I have dreadful memories of that rat infested place called the Cosy, it used to smell so bad. I also recall buying the fritters from Mort's. My father played bowls in Caerau and I would go along with my tennis racket. I went to Blaencaerau school around 1958 and the teachers were dreadful. I got pinched, thumped and hit across the fingers, nice place. I learned to ride my bike near Brewers bus station and ended up very bruised. Who do I remember? Ann Chitty, Ceri Meredith, Claire Winslade, Robert Barlow, Philip Pearce, he was a very kind person, the family GP was Dr Penry. I loved picking whimberries, I can still taste them and have found them sold as jam in Brittany, they call them Myrtle. Janet Bailey, hairdresser in Caerau Road, is she still there? I left Caerau when I was 19.
I was born up The Monkey in 1957. I moved from there to George Street in 1966. The name of the street was Dunraven Place. The name of the pub was the Dunraven Hotel. There were 8 houses up The Monkey when I lived there. My mother told me there used to be more street there years ago. There wasn't anyone with the name Deere living up there when I lived there. All the houses got knocked down not long after I moved from there. I remember going down that banking and hill to school. There is a Deere family living in Caerau, I don't know if they are related. Good luck.
VJ Day in Caerau.
The present commemorations of VJ Day bring back happy memories of Caerau. I stayed there briefly at that time while my father worked as a locum for a Dr Llewelliyn. I was very young, but I remember being very happy there. I played with a little girl called Viola Angel whom I have always remembered. I even spent a short time at the primary school. I remember being driven about the beautiful countryside in an old Baby Morris car which used to break down frequently. My memory of the town is hazy, and I was so surprised to see how big it is on Google Earth. The surgery we stayed at was beside a little river. The telephone no. was Caerau 3! I had been evactuated from Glasgow earlier and spent time all over Scotland. I was a very disrupteted time for children and thier parents, but this short period in Caerau remains very strongly in my memories as a contented, happy period.

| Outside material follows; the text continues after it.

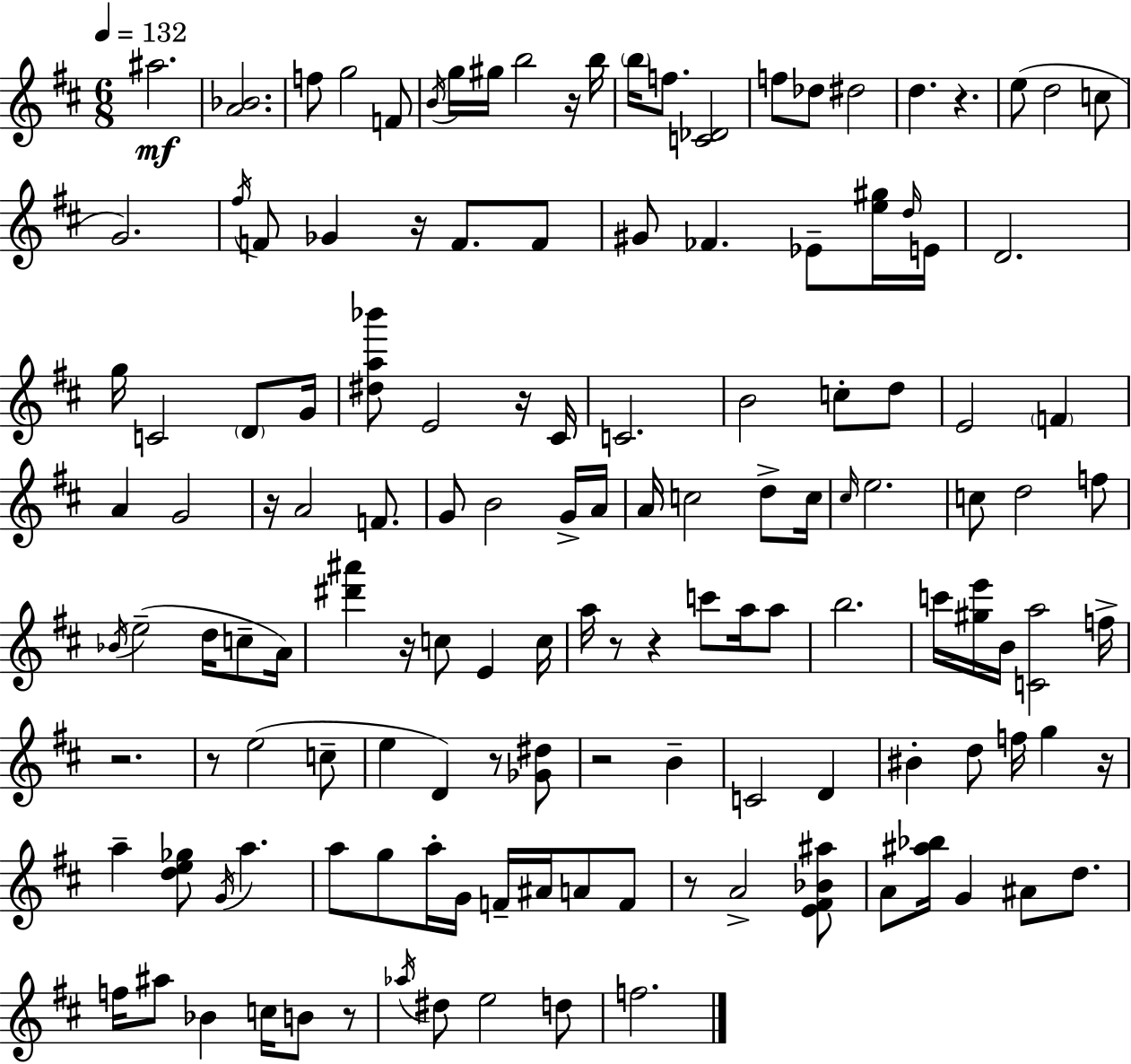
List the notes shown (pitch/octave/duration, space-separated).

A#5/h. [A4,Bb4]/h. F5/e G5/h F4/e B4/s G5/s G#5/s B5/h R/s B5/s B5/s F5/e. [C4,Db4]/h F5/e Db5/e D#5/h D5/q. R/q. E5/e D5/h C5/e G4/h. F#5/s F4/e Gb4/q R/s F4/e. F4/e G#4/e FES4/q. Eb4/e [E5,G#5]/s D5/s E4/s D4/h. G5/s C4/h D4/e G4/s [D#5,A5,Bb6]/e E4/h R/s C#4/s C4/h. B4/h C5/e D5/e E4/h F4/q A4/q G4/h R/s A4/h F4/e. G4/e B4/h G4/s A4/s A4/s C5/h D5/e C5/s C#5/s E5/h. C5/e D5/h F5/e Bb4/s E5/h D5/s C5/e A4/s [D#6,A#6]/q R/s C5/e E4/q C5/s A5/s R/e R/q C6/e A5/s A5/e B5/h. C6/s [G#5,E6]/s B4/s [C4,A5]/h F5/s R/h. R/e E5/h C5/e E5/q D4/q R/e [Gb4,D#5]/e R/h B4/q C4/h D4/q BIS4/q D5/e F5/s G5/q R/s A5/q [D5,E5,Gb5]/e G4/s A5/q. A5/e G5/e A5/s G4/s F4/s A#4/s A4/e F4/e R/e A4/h [E4,F#4,Bb4,A#5]/e A4/e [A#5,Bb5]/s G4/q A#4/e D5/e. F5/s A#5/e Bb4/q C5/s B4/e R/e Ab5/s D#5/e E5/h D5/e F5/h.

Caerau Families From The Past
Hi I am wondering if anyone can help. My mum Annie Louisa Deere (who sadly past away last year with Alzheimer's) was born in Caerau in 1925, her father's name was Thomas Deere, and her mother was Florence. I know from what she had told us that she lived in a row of houses at the top of a mountain or part way up, I believe that there was a pub (but once again I am not sure as with Alzheimer's everything gets mixed up). She would recall the street as Monkey Island (although I think this was a endearing term for it from her childhood) .And she would recall how her and her brother Tommy (Thomas, same name as his father) would run down the mountain to school, once again I am not sure which school. Thomas Deere and his family moved from Caerau, I beleive when she was around 10 or 12, to Doncaster to work in the mine at Askern. I know before they moved there was Sophia, Thomas,... Read more
Hi, could any one send me more photos of Caerau Top School, 1966/70.
I well remember Bryn Gearge ,when we were younger he lived across the back lane from our house. He raced pigeons and often we had to go and look for my father at dinner time as he would be talking to Bryn about pigeon racing.
Hello, we lived in Railway Terrace, moved to Scotland in 1963. We spent many a Saturday morning in the Cozy Picture House, then across the road to the chippy for some potato fitters (lovely with lots of vinegar). James Sims, Elaine Brain, Marlene Griftfths. Gran lived in Albert Street.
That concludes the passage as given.